- _RECORDS SHOWN_:

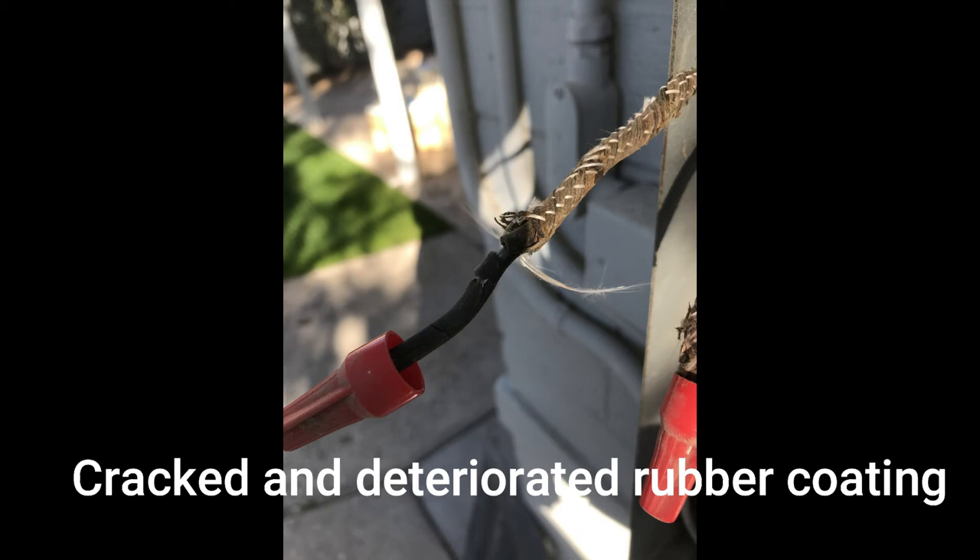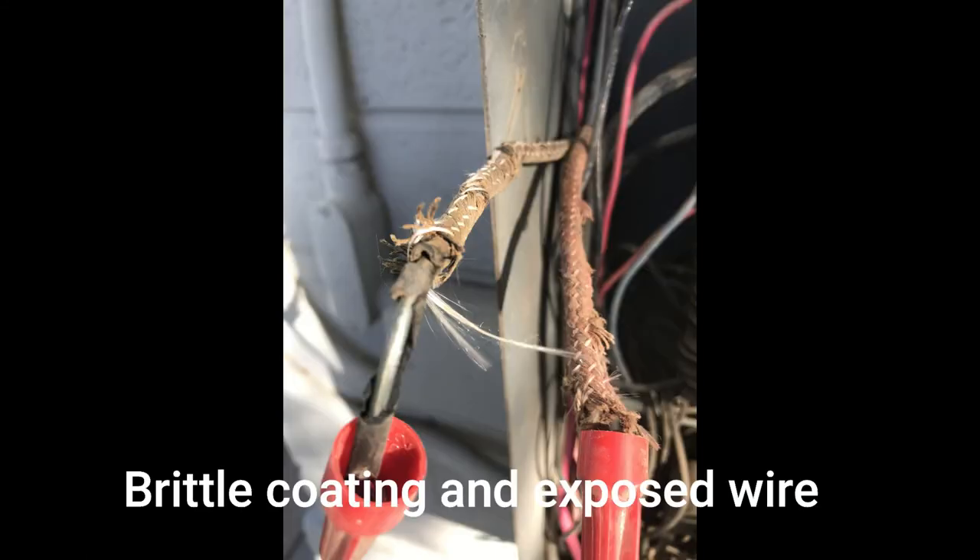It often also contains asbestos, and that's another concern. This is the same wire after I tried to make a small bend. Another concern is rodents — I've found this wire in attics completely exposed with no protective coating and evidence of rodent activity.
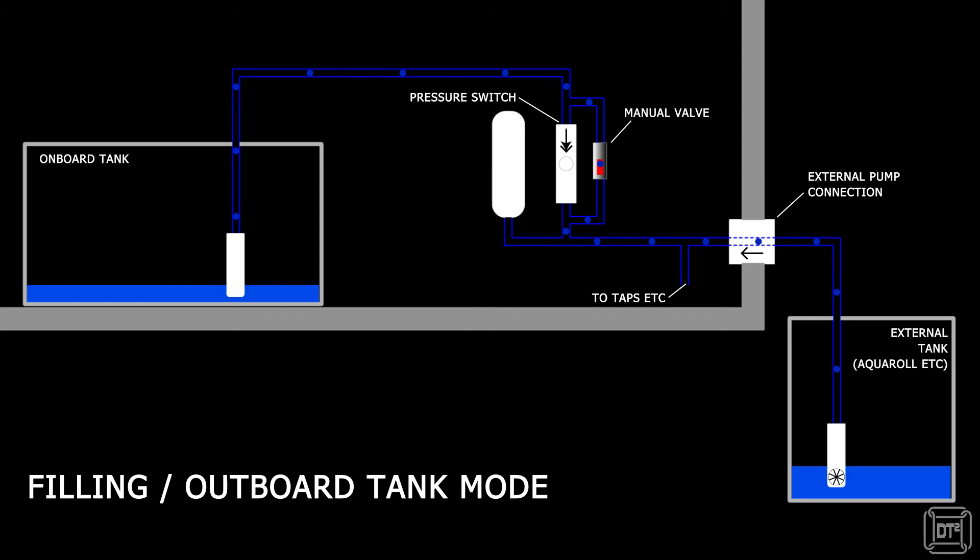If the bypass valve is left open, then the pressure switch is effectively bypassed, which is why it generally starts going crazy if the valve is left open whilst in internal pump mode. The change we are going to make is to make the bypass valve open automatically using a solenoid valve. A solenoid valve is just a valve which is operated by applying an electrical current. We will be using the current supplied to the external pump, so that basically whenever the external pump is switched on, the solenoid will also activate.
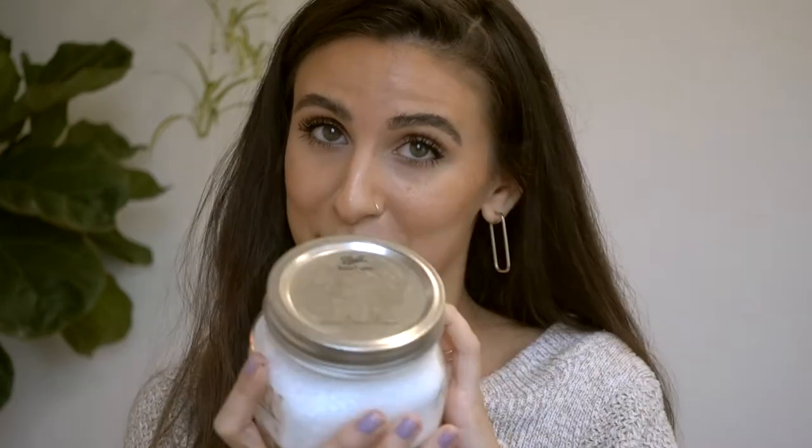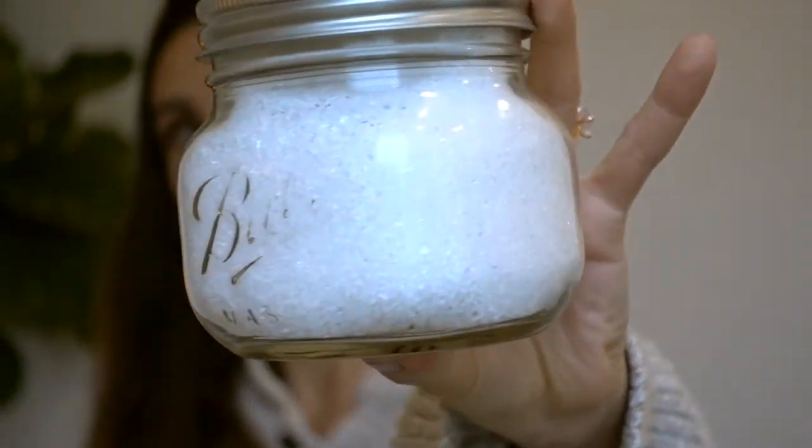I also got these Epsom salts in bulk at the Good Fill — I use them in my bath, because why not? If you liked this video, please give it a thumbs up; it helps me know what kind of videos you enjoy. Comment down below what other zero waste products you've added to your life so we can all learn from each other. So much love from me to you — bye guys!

...

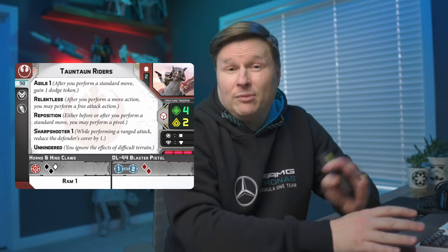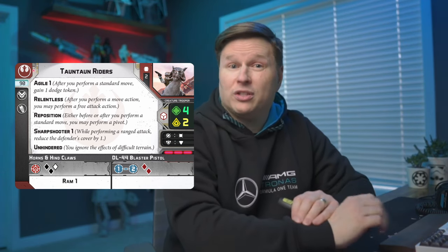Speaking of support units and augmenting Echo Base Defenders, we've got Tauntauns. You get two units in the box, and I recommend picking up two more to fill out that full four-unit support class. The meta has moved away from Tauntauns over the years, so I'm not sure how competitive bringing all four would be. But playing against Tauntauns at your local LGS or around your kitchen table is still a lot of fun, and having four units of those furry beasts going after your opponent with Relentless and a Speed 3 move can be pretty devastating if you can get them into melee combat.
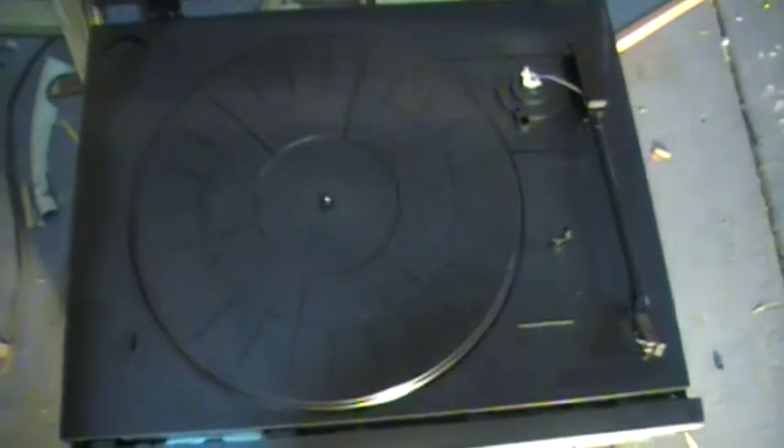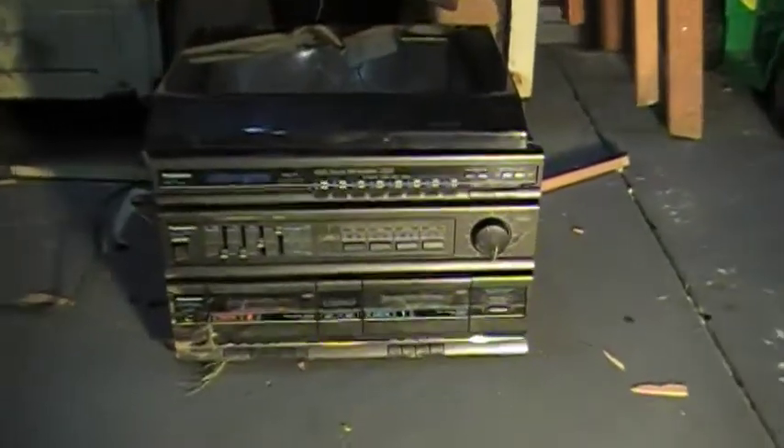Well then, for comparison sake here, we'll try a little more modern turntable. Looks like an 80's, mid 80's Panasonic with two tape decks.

- _PROBLEM TO WORK ON_: Both the line containing "If the bypass" and the line containing "I also got these" above belong in the output, as do the lines between them. Print them exactly, without pictures.

- _EXERCISE OUTPUT_:
If the bypass valve is left open, then the pressure switch is effectively bypassed, which is why it generally starts going crazy if the valve is left open whilst in internal pump mode. The change we are going to make is to make the bypass valve open automatically using a solenoid valve. A solenoid valve is just a valve which is operated by applying an electrical current. We will be using the current supplied to the external pump, so that basically whenever the external pump is switched on, the solenoid will also activate.
I also got these Epsom salts in bulk at the Good Fill — I use them in my bath, because why not? If you liked this video, please give it a thumbs up; it helps me know what kind of videos you enjoy. Comment down below what other zero waste products you've added to your life so we can all learn from each other. So much love from me to you — bye guys!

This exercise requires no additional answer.